Seemingly a pretty big turn-around over the course of the week, no?
But there’s more that’s funky with Reyes’ timing. The AP reports his statement was taped Friday, not Sunday.
Rep. Silvestre Reyes, in a television interview broadcast Sunday, did not specifically say whether the House proposal would mirror the Senate’s version.
Reyes, whose interview was taped Friday, appeared on CNN’s "Late Edition," as did Blunt.
Friday happens to be the same day that Harry Reid moved to pass a 30-day extension to the PAA.
As we move forward, there is no reason not to extend the Protect America Act to ensure that there are no gaps in our intelligence gathering capabilities. Even Admiral McConnell, the Director of national Intelligence, has testified that such an extension would be valuable. But the President threatens to veto an extension, and our Republican colleagues continue, inexplicably, to oppose it.

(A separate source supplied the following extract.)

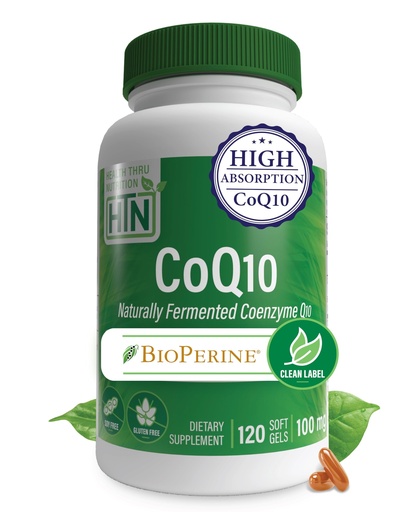 [BRSWIBDRCB4WCHAZ] Health Thru Nutrition CoQ-10 100mg with BioPerine 120 Softgels | High Absorption Naturally Fermented USP Grade Coenzyme Q10 Supplement | 3rd Party Tested | Heart Health and Energy Support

“I urge them to withdraw their opposition. I will now ask unanimous consent to take up and pass S. 2664, a bill to extend the Protect America Act for 30 days, and to make the extension effective as of February 15, to ensure that there are no adverse legal consequences from the President’s decision to let that law expire.”
Now I suppose the 30-day extension, made retroactive to February 15, would amount to just a 15 day extension. And I see the value of forcing Republicans to repeatedly refuse to ensure the wiretaps continue.

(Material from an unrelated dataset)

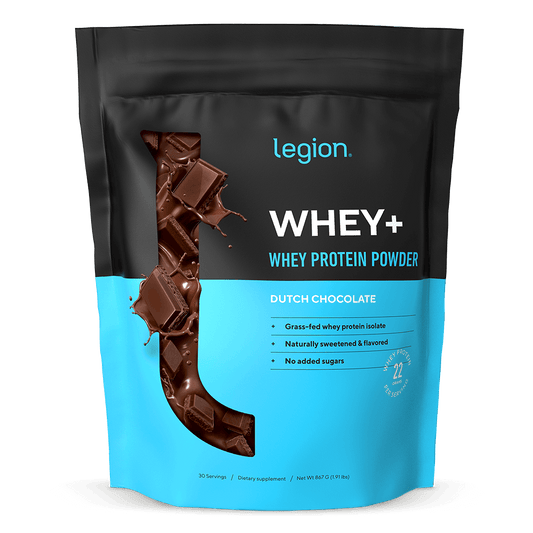 LEGION WHEY+ Whey Protein Isolate – Dutch Chocolate Flavor | 30 Servings | Premium Fast-Absorbing Protein for Muscle Recovery & Growth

But which is it? Imminent deal, or two more weeks?
And while we’re talking about weird temporal anomalies, can someone help me with the timing of this passage?
Reyes, D-Texas, said he was open to that possibility after receiving documents from the Bush administration and speaking to the companies about the industry’s role in the government spy program.
"We are talking to the representatives from the communications companies because if we’re going to give them blanket immunity, we want to know and we want to understand what it is that we’re giving immunity for," he said. "I have an open mind about that."
The word "after" suggests that Reyes has seen what the telecoms did, and now is more comfortable with the idea of immunity. Yet the phrase, "are talking" suggests this discussion is still in process. Is this just some kind of AP grammar, or has Reyes already talked to the telecoms? Have his colleagues from Commerce gotten a chance to talk to the companies they oversee, or just a select group of Congressmen whose word we’re being asked to trust? As McJoan notes,
Bully for you, Congressman Reyes, for being able to talk to the telcos about their illegal activities. How about the rest of us? How about the American citizens who were spied on illegally and want to know why? Perhaps Congressman Reyes should consider calling those telco CEOs into a public hearing so that we could all learn about their role in the spying program before sealing that deal, before ensuring that those activities will never be examined by a court of law. And all due respect to the Congressman, his judgment on this matter shouldn’t be substituted for that of a federal court.
If this is all much ado about nothing–as Reyes suggests–then let’s hear it. Let’s hear what assurances the telecoms had that their spying was legal after DOJ had rejected it in March 2004. Because a bunch of Republican lawyers sure thought it was illegal. Did Bush simply not tell them they were breaking the law? Because, if he did, then we surely have the right to know that, too.